八月に思うこと
迦穏亭の床の下には昭和20年が眠っています
なるべく人生の先輩から昔の話を聴かせてもらえるようにしていて…
富山が空襲で焼けた日のこと
私の88歳の人生の先輩は「福野から富山に爆弾が雨の様に落ちて行くのも、真っ赤に燃えているのも見えた…福野だよ」
先日89歳のお誕生日を迎えたきれいな白髪の女性は「人の声が新湊まで聴こえて来て…、耳を塞いでも…、ずっと聴こえて…それが嫌で嫌で…。」
富山の人なら、これがどれだけ信じられないことかわかるはず…
先日ののみの市、看板犬のん🐕を見ながら「自分は昭和9年生まれ。昔、食べる物が無くて犬や猫をよく食べた。だから犬も猫も飼う気になれない。犬は上手かった。猫は茹でると紫色の灰汁が出るんだ…」
昔、小学校の夏休みの宿題で「お年寄りに戦争の時の話を聞いてくる」と言うのがあった。

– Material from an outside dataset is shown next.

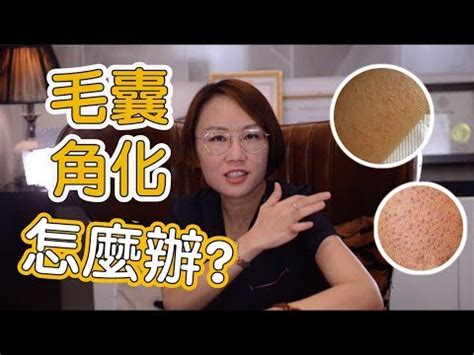 胸部長一根毛|乳頭邊長了毛，是什麼病？該不該拔？讓名醫一次解釋給您聽｜每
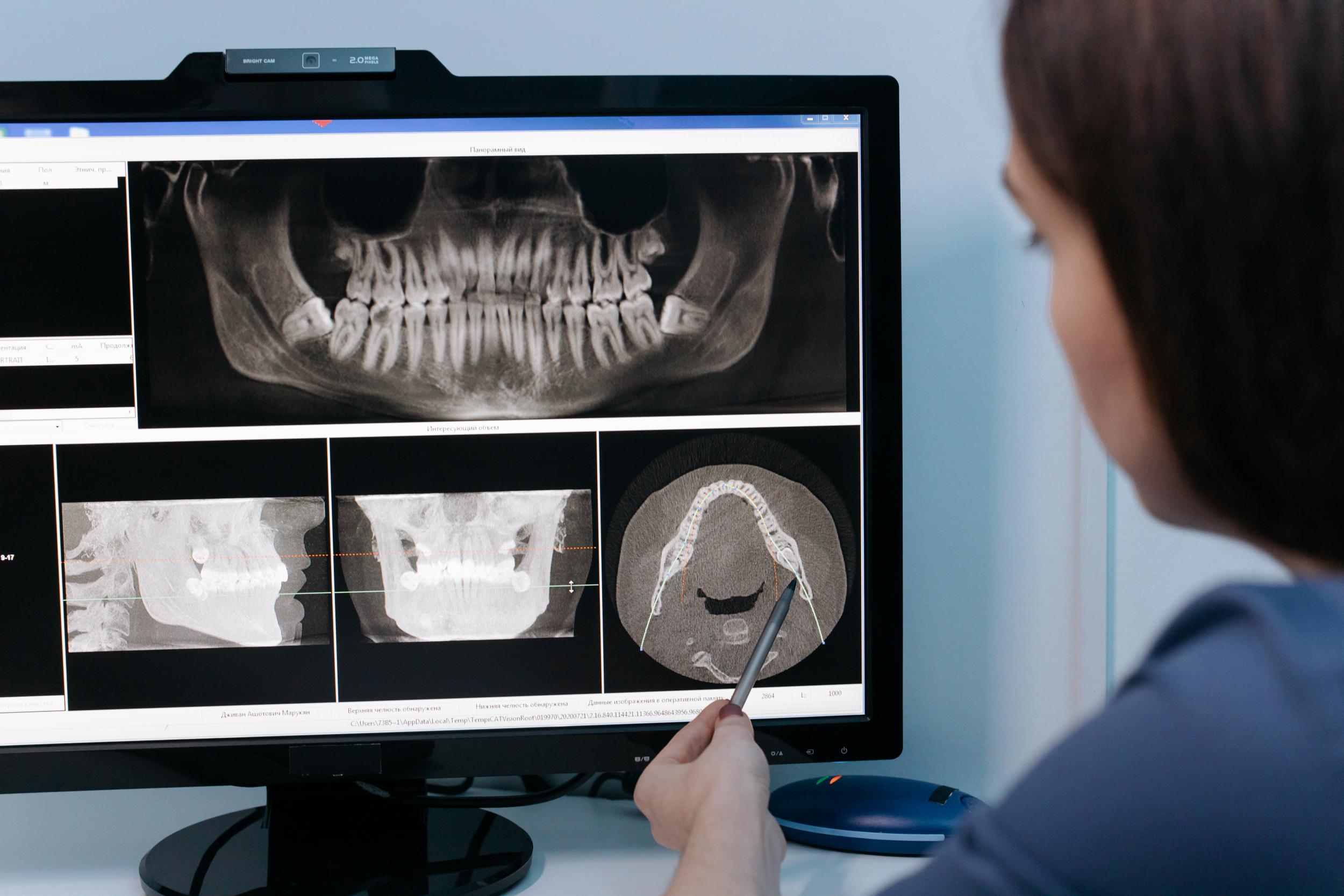Top Carmel, IN Family Dentist Offers High-Tech Digital X-Ray Exams | Call Now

祖母からは「うちはよその比べたら大したことなかった」と言い、一切話してくれなかったから、兵役の話などを聞き取って来る同級生が羨ましかった。
私の祖母は、生まれは神通本町。伴侶である祖父はシベリアの兵役から復員後、心身症を患い戦後それが素で無くなっている。
何もないはずがなかった。喋りたくなかったと言うことに気がついたのは、随分大人になってからだ。
迦穏亭の建物は、昭和20年に建ち上がっている。
紛れもなく昭和20年8月2日には焼け野原になった場所に、4ヶ月の間に建物が建ったことが住んでいながら信じられない。
近所の御意見番にこの建物のことを聞いた。「ここのお父さんは当時県警本部の偉いさん。それでなければ、あの時にこれだけしっかりした建物建てれん」
畳をはぐって床板の間を覗くと土間
迦穏亭の土間は紛れもなく戦後数ヶ月の記憶が眠っている
そこで着物屋を営んでいることにも、言語化しきれない意味や使命みたいなものを感じている。